Study 2 examined if people higher in benevolent sexism use shifting standards when they evaluate a woman in a prominent leadership position. Specifically, the goal of Study 2 was to determine if benevolent sexism positively related to perceiving women as more competent when evaluating them against other women versus against other men. The extent to which women are perceived as more competent against women than they are against men would reflect the extent of shifting standards (Biernat and Manis 1994). We tested for this possibility using explicit competence evaluations of unidentified female and male U.S. senators. Critically, we manipulated the reference category (i.e., evaluating senators against men or women) used when making competence evaluations.
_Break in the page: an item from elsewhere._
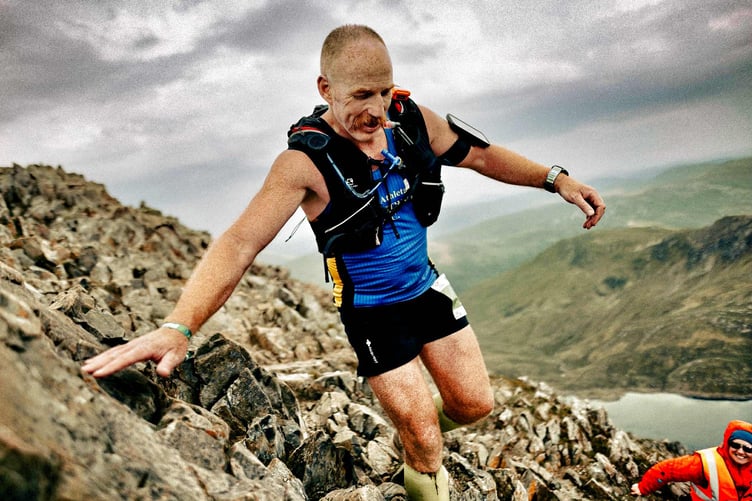 Richard Anthony balancing his descent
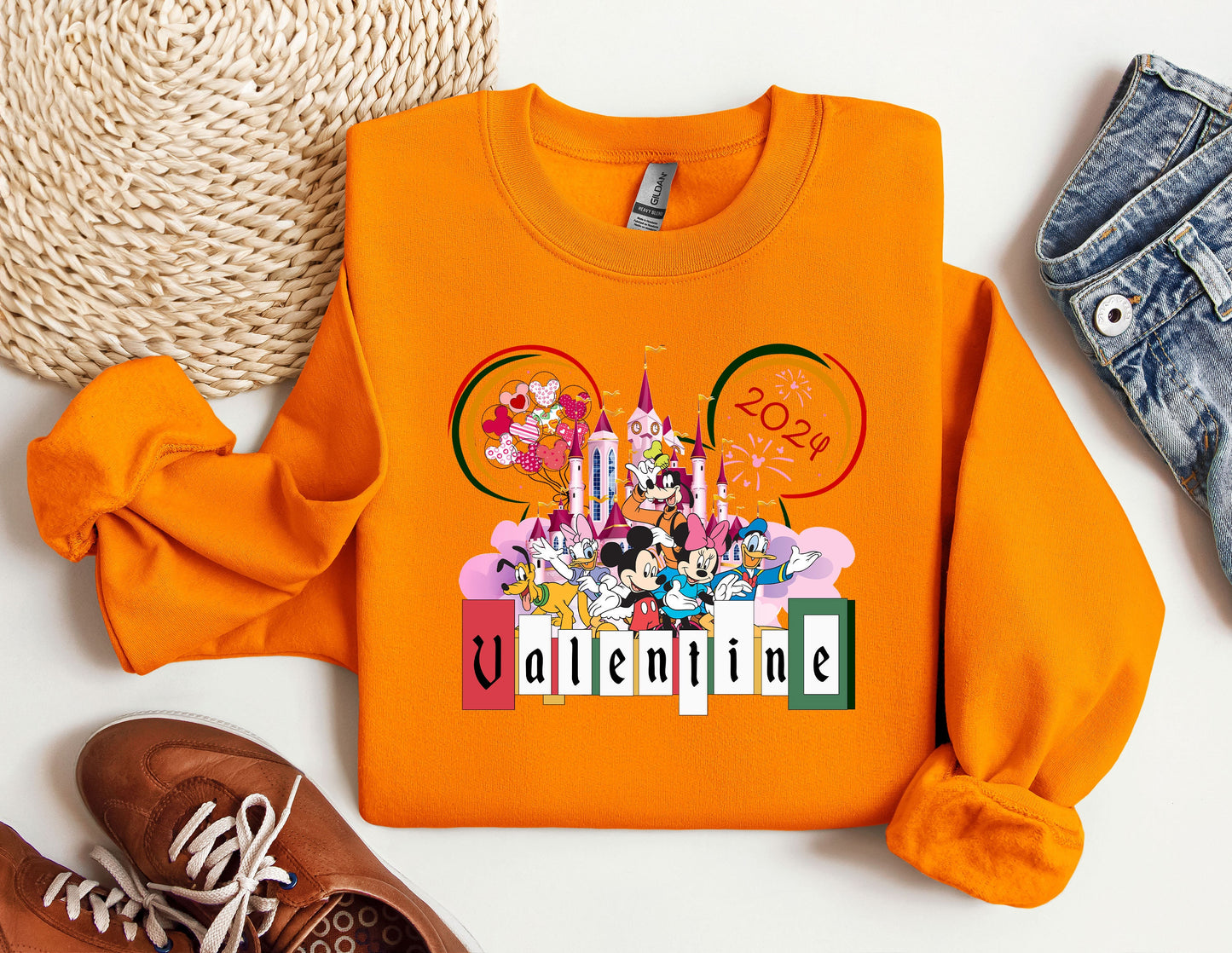 an orange shirt with mickey mouse on it next to a pair of shoes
If people higher in benevolent sexism have a lower competency standard for women, benevolent sexism should positively relate to the extent of shifting standards when evaluating a woman’s competency. That is, benevolent sexism should positively relate to evaluating a woman as more competent relative to other women versus other men (Hypothesis 1).
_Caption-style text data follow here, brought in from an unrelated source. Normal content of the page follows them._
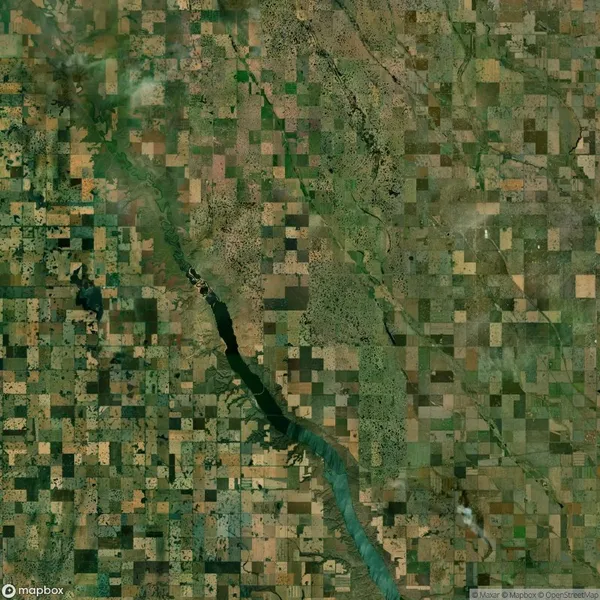 Aerial view of a rural landscape with a patchwork of agricultural fields and a river winding through the center.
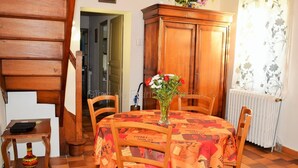 A dining area with a round table covered by a tablecloth, wooden chairs, a cabinet, and a vase with flowers.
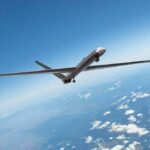 Unmanned aerial drone flying high above clouds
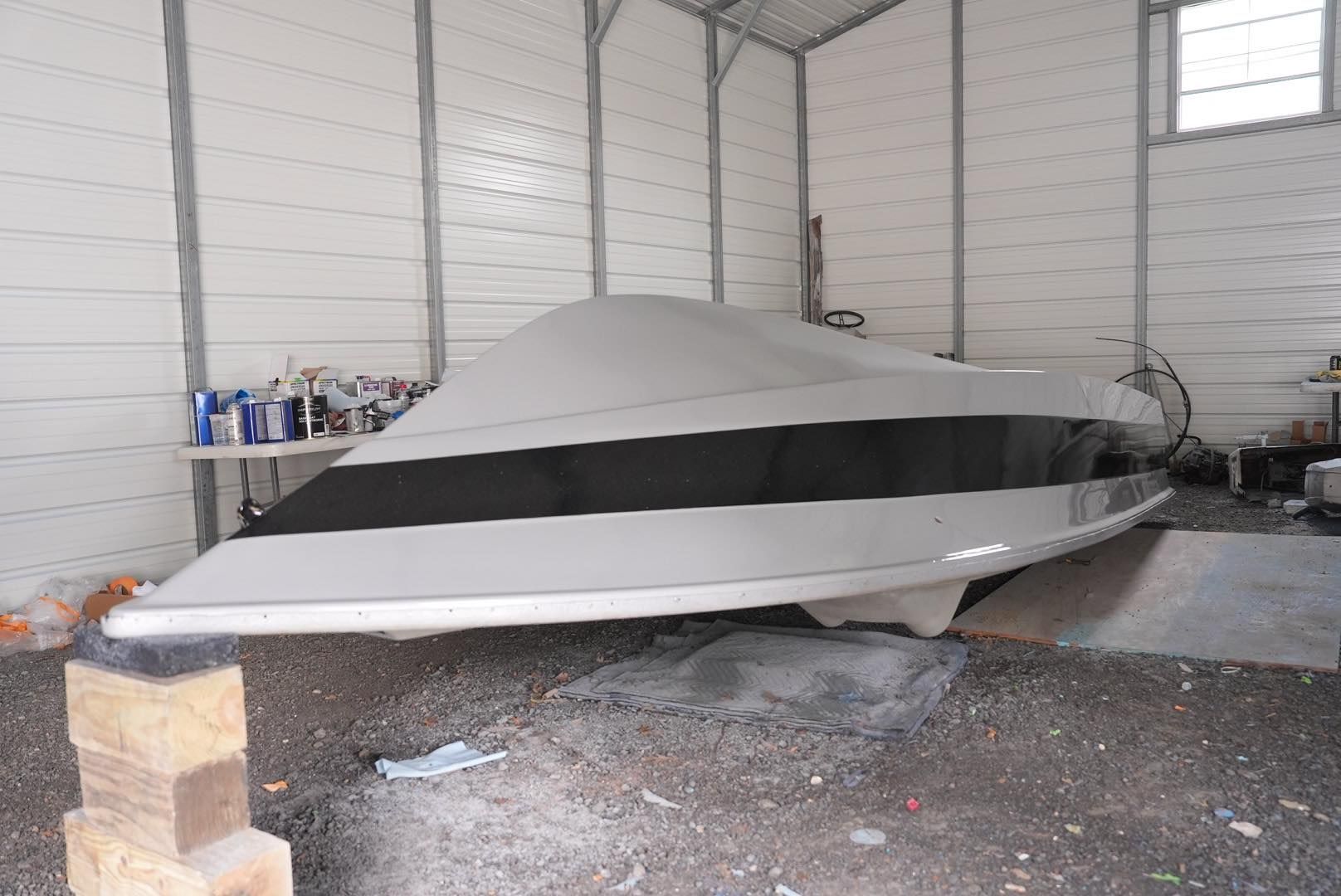Covered white boat stored indoors in a shed, with a black stripe along the side.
At the same time, we tested if people higher in benevolent sexism nevertheless maintained traditional gender roles. In Study 1, this idea was reflected in benevolent sexism predicting favorable attitudes toward the 2016 presidential election outcome in which a man was successful. In Study 2, we extended this idea by examining if benevolent sexism positively related to men or negatively related to women being expected to be extremely successful as a senator (Hypothesis 2). Finally, we also tested if the extent of shifting standards when evaluating women mediated a relationship between benevolent sexism and expectations of women’s success to link shifting standards to both benevolent sexism and negative outcomes for women. These patterns would extend the literature by showing that stronger benevolent sexists acknowledge women’s high achievements by evaluating them as especially competent (via shifting standards), yet ultimately have expectations of men, and not of women, being successful in prominent positions.

Method

Participants

Two hundred individuals recruited from Amazon Mechanical Turk participated. This sample size was chosen to ensure that usable data emerged from at least 30 participants who were either high or low in benevolent sexism and who evaluated a male or female senator (e.g., at least 120 participants total; see Results). Participants provided informed consent and were compensated $.50. Eleven adults were excluded for failing a manipulation check, yielding 189 analyzed adults (Mage = 38.42 years, SD = 12.25, 86 female).

Procedure

Participants were randomly assigned to evaluate a female senator (n = 90) or a male senator (n = 99). A Chi-square test showed male and female participants were evenly distributed across conditions, χ2(1, n = 189) = 1.34, p = .25. We manipulated Target Gender between-subjects because we did not want evaluations of one target to influence evaluations of a new target, potentially clouding Target Gender interactions with other variables. Participants were told they would be evaluating the senator’s job performance. We next oriented participants to thinking about job performance relative to others using a method from shifting standards work (e.g., Biernat and Manis 1994). Participants were told:

Think about people who are United States senators. Now think about 100 women [men] in the population. Some of these people will do well in this profession, and some will not. Please distribute these 100 women [men] into these bins based on the probability of their doing well in this profession.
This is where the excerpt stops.